Но я, признаюсь, был обрадован, потому что с этими земцами, как ни будь осторожен и консервативен, наверное, в конце концов в чем-нибудь да проштрафишься. Сверх того, мы подъезжали к Кёльну, и в голове моей созрел предательский проект: при перемене вагонов засесть на несколько станций в третий класс, чтоб избежать дальнейших собеседований по делам внутренней политики.
— В Кёльне сядемте опять вместе, — обольщал меня между тем мой vis-`a-vis, — я уверен, что мы наверное столкуемся. Слушайте! — прибавил он с увлечением, — вы должны! вы непременно должны трезвенное слово сказать! это ваша нравственная обязанность!
— Ай люли! ай люли! — опять запел беспокойный сосед и на этот раз сам проснулся от звуков собственного голоса.
— Фляжку-то не стибрили у тебя? — продолжал он, обращаясь к своему vis-`a-vis, тоже проснувшемуся, — а я, брат, должно быть, переспал… инда очумел!

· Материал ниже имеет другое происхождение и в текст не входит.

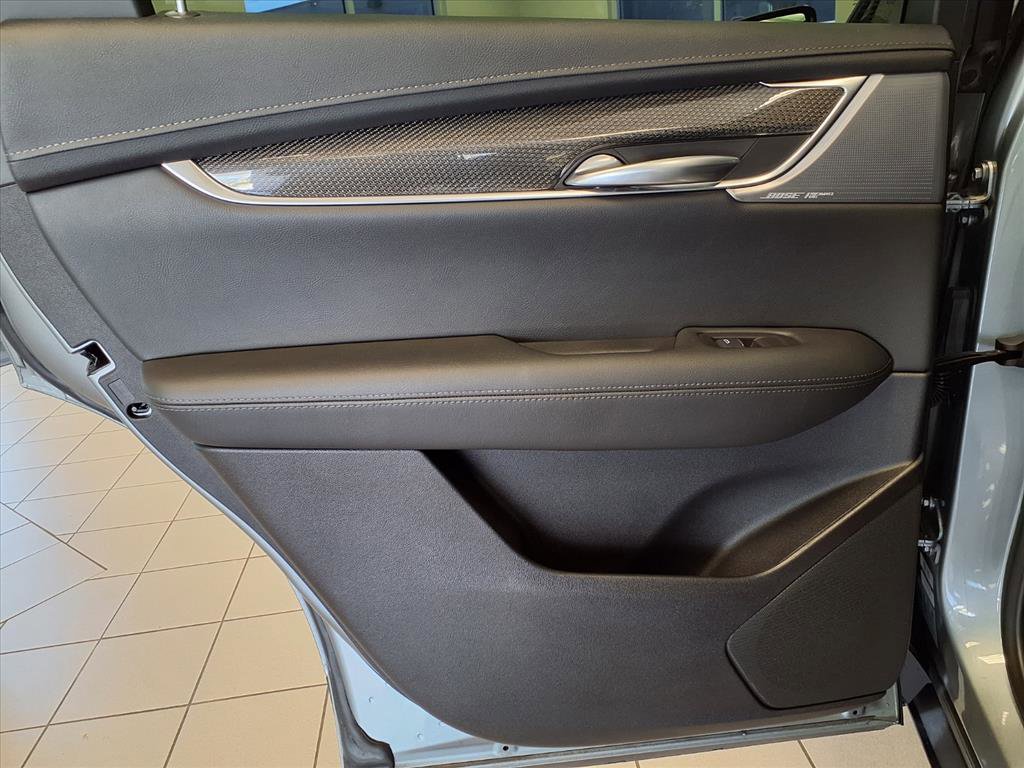Certified 2024 Cadillac XT5 Sportv w/ Technology Package image 18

Через десять минут мы были в Кёльне. *
Я выполнил в Кёльне свой план довольно ловко. Не успел мой ночной товарищ оглянуться, как я затесался в толпу и по первому звонку уж сидел в вагоне третьего класса. Но я имел неосторожность выглянуть в окно, и он заметил меня. Я видел, как легкая тень пробежала у него по лицу; однако ж на этот раз он поступил уже с меньшею развязностью, нежели прежде. Подошел ко мне и довольно благосклонно сказал:
— В народ идти пожелали?.. Ну, и прекрасно! Только попомните мое слово: необходимо, чтоб вы трезвенное слово сказали! Увидимся… в Вержболове!

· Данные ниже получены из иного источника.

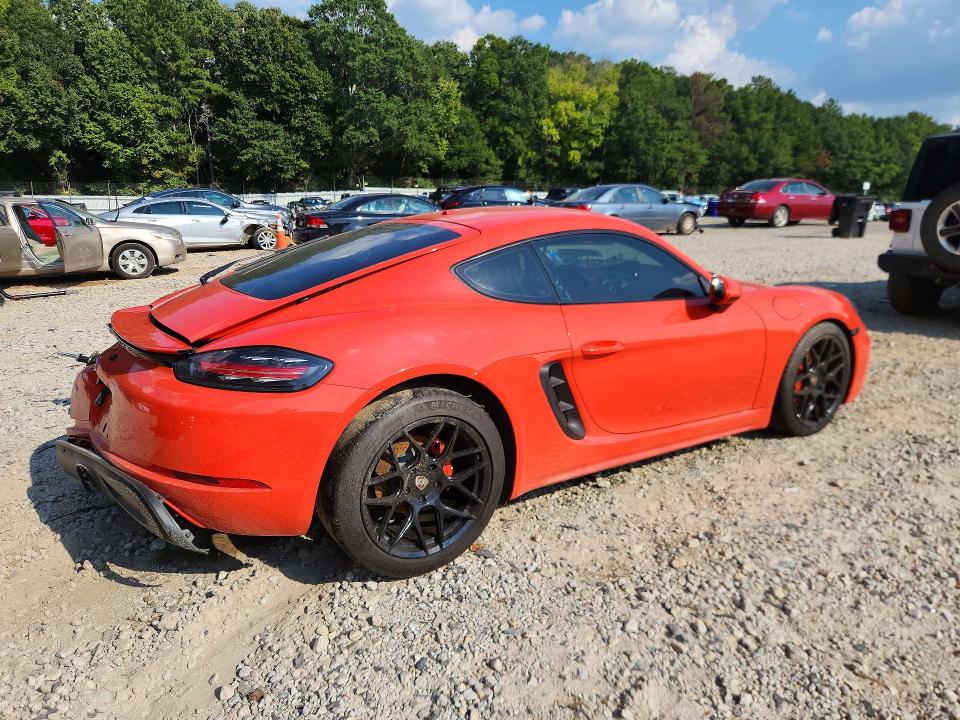 69592456 :رقم المزاد ، WP0AB2A84HS285509 vin ، 2017 Porsche Cayman مزاد بيع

Он удалился скорым шагом по направлению к своему вагону, но слова его остались при мне и заставили меня задуматься. За минуту перед тем я готов был похвастаться, что ловко отделался от назойливого собеседника, но теперь эта ловкость почему-то представилась мне уже сомнительною. А ну, как вместо ловкости-то я собственными руками устроил себе западню? — смутно мелькало у меня в голове.
Земец, коль скоро ему раз вступило в голову, — что он консерватор, делается строг до непреклонности. На всякое возражение он смотрит, как на противодействие, и ежели, на беду, заподозрит при этом еще иронию, то готов мстить до седьмого колена. Говоря безотносительно, эта мстительность была бы не очень-то страшна, но то-то вот и есть, что времена-то нынче переходчивые: не знаешь, где найдешь, где потеряешь. Смотришь на него, как он усами шевелит, думаешь, что он в каком-нибудь Цивильске на вечные времена погрузнул, а на поверку окажется, что он только нырнул там, а вынырнул-то вон где! Ты ему тамне потрафил, а он тебя тутучтет, да еще так учтет, что небу жарко будет.